There’s a line of dialogue in the eighth episode of Season 4 of Fauda, the hugely popular Netflix series that shows in excruciating detail the violence and torment behind the Israeli-Palestinian conflict, that jumps off the screen.
As an Israeli commando team discovers a basement hideout of a Palestinian terror cell, replete with multiple missiles in preparation for a major attack on Israel, a female member of the commando team says:
“These f**kers don’t play around.”
If you wanted to summarize 75 years of Jewish anxiety about Israel’s neighborhood—through countless wars and suicide bombers and missile attacks—those five words pretty much nail it: Terrorists “don’t play around.”
It is that stark reality that prevents me from fully enjoying this new season, which is as intense and exhilarating as ever.
The show is simply too close for comfort.
This was brought home to me this week when I read about a fierce firefight between the IDF and Palestinians in the Jenin refugee camp, only the latest episode in Israel’s continuous efforts to quell a year-long wave of terrorism. The words from Fauda hover hauntingly above these news stories—these guys “don’t play around.”
The irony is that even with fictional characters and storytelling, Fauda brings me closer to a violent reality and a human complexity I can never appreciate in a news report. This is the power of film. You get all the texture. You smell the alleyways. You feel the fear. Through close-ups of faces, you see the human drama and torment in each of the characters, Israeli and Palestinian. The show really revolves around life— how to save it, extinguish it, value it, rescue it, spit on it or honor it.
Because Fauda is so realistic— everything from the locations to the dialogue to the accents to the violence feel eerily authentic— it has a mind bending effect. You can’t tell “fake real” from “real real.” For all we know, an episode of Fauda might as well be a dramatization of a news story from yesterday’s paper.
So a death in Fauda feels like a real death.
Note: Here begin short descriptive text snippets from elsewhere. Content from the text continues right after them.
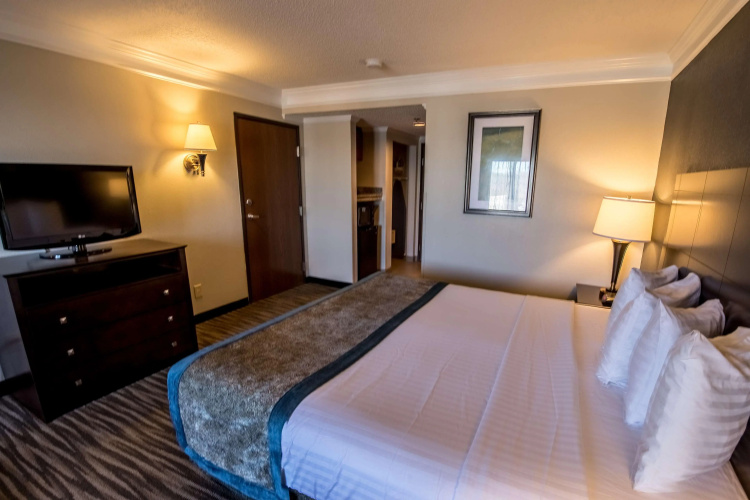 Best Western Augusta West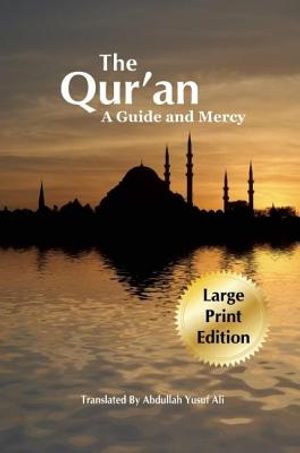 The Qur'an: A Guide and Mercy image number 0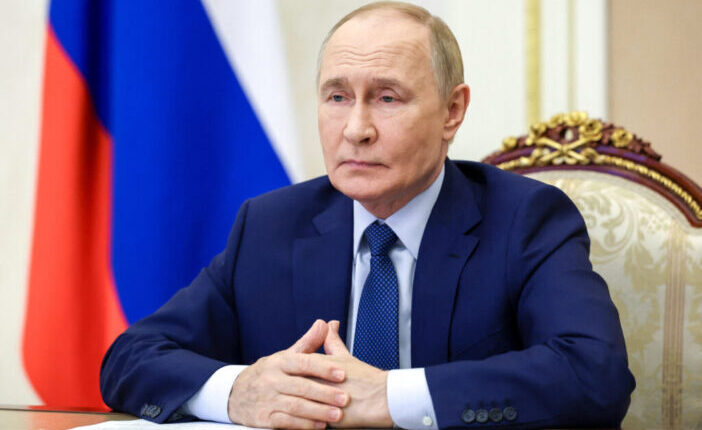 Moszkva már európai országok megtámadásával fenyegetőzik - nő a feszültség Ukrajnában is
A blunder feels like a real blunder. An act of cruelty feels like a real act of cruelty. There’s a scene in episode 9 that made me choke up, when a terrorist breaks down realizing the pain he has inflicted on his mother. It’s all too real. Fauda is fiction with non-fiction written all over it.
Ultimately, though, it is the quality of the show that wins out.
Ultimately, though, it is the quality of the show that wins out. The acting and directing and pacing are so sharp they supersede any anxiety triggered by the blurring of the lines. In other words, my anxiety is still there, but I know I can never stop watching.
These Fauda people don’t play around.